*** Data provided Section Begins ***

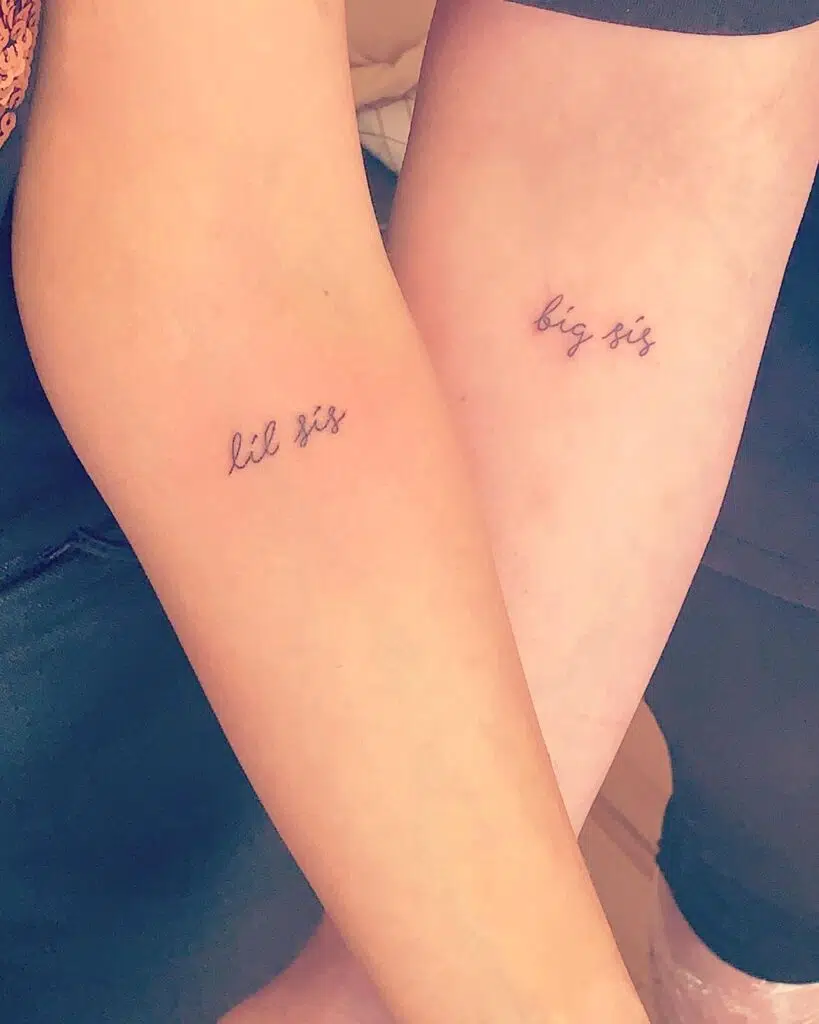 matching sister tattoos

*** Data provided Section Ends ***
*** Data provided Section Begins ***

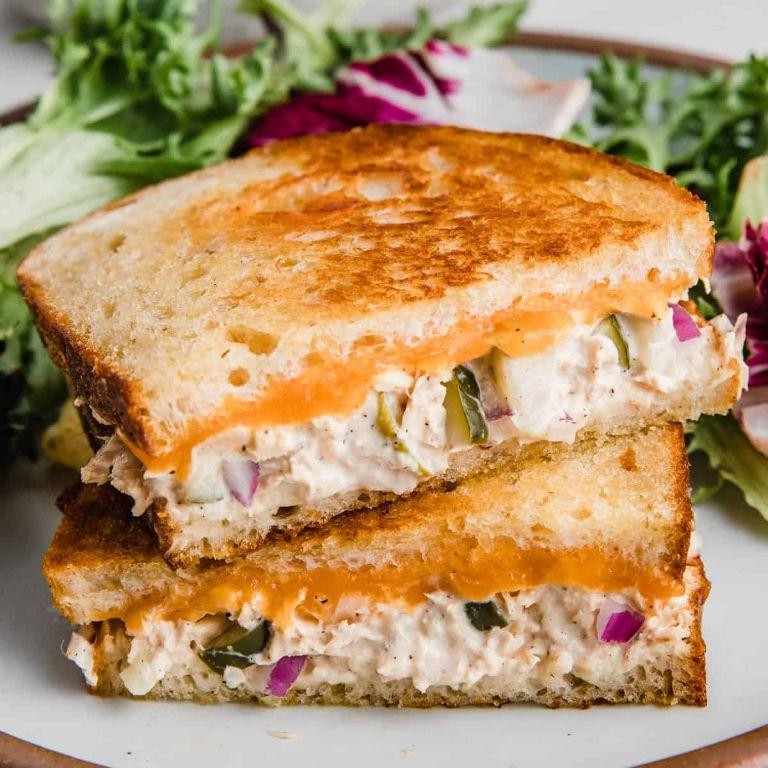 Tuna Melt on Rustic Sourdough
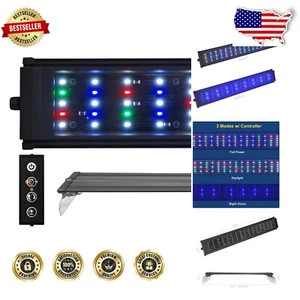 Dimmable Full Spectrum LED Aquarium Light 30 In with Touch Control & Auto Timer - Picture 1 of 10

*** Data provided Section Ends ***
*** Data provided Section Begins ***

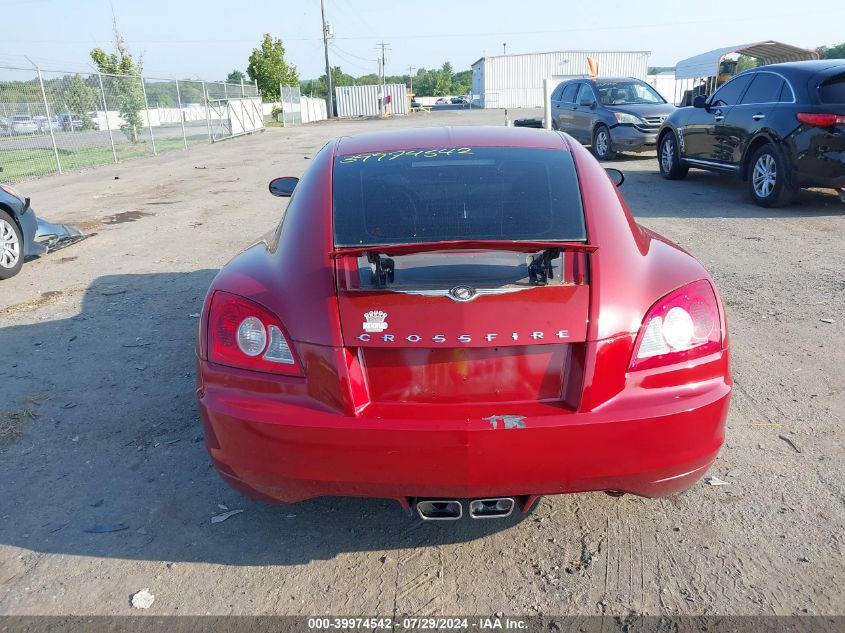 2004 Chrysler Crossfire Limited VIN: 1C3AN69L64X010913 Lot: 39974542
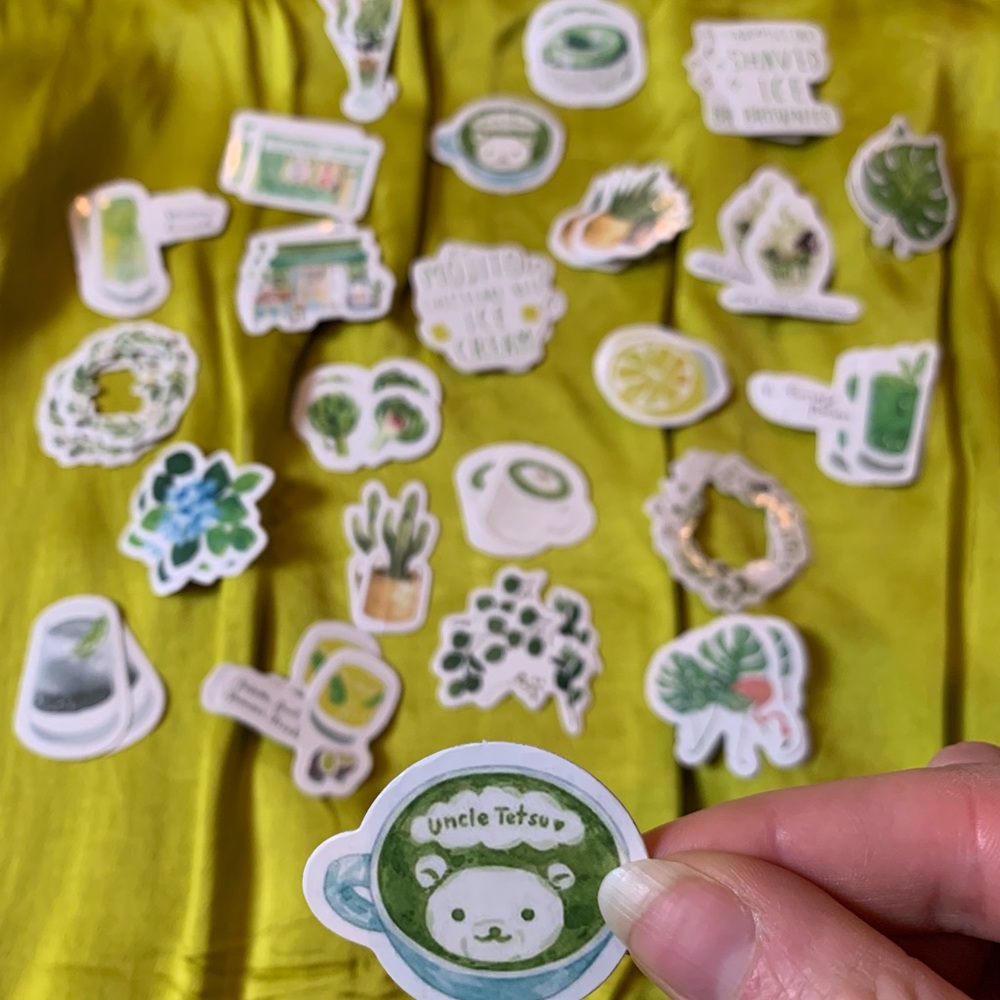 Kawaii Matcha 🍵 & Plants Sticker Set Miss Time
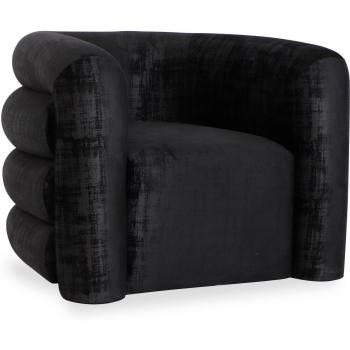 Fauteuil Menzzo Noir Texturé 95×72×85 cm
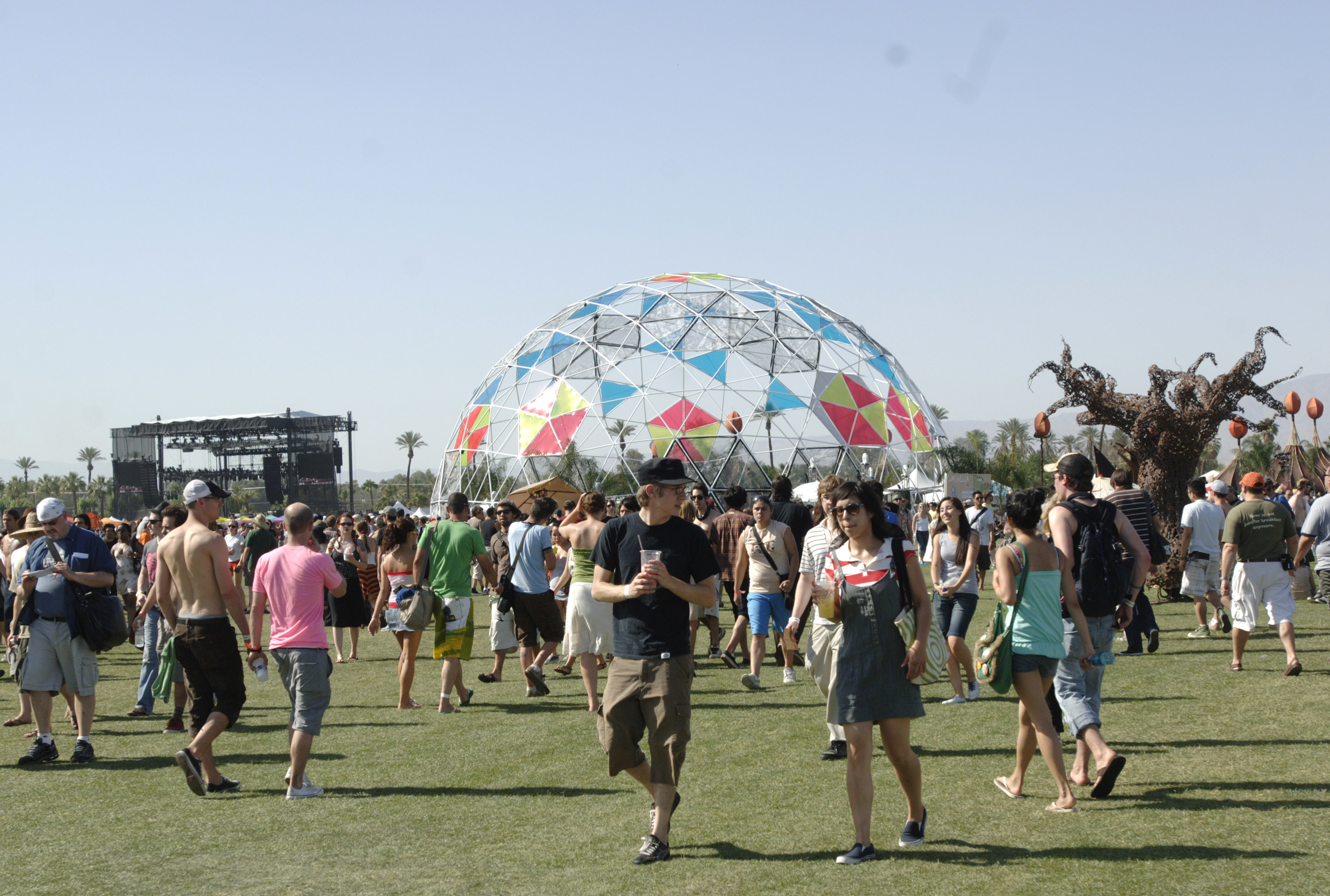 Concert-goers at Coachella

*** Data provided Section Ends ***

■ **To do**: In the listing above, find the line with "Fauteuil Menzzo Noir Texturé 95×72×85 cm" and output every line through the one with "Concert-goers at Coachella", exactly, without the pictures.

■ **Final answer**:
 Fauteuil Menzzo Noir Texturé 95×72×85 cm
 Concert-goers at Coachella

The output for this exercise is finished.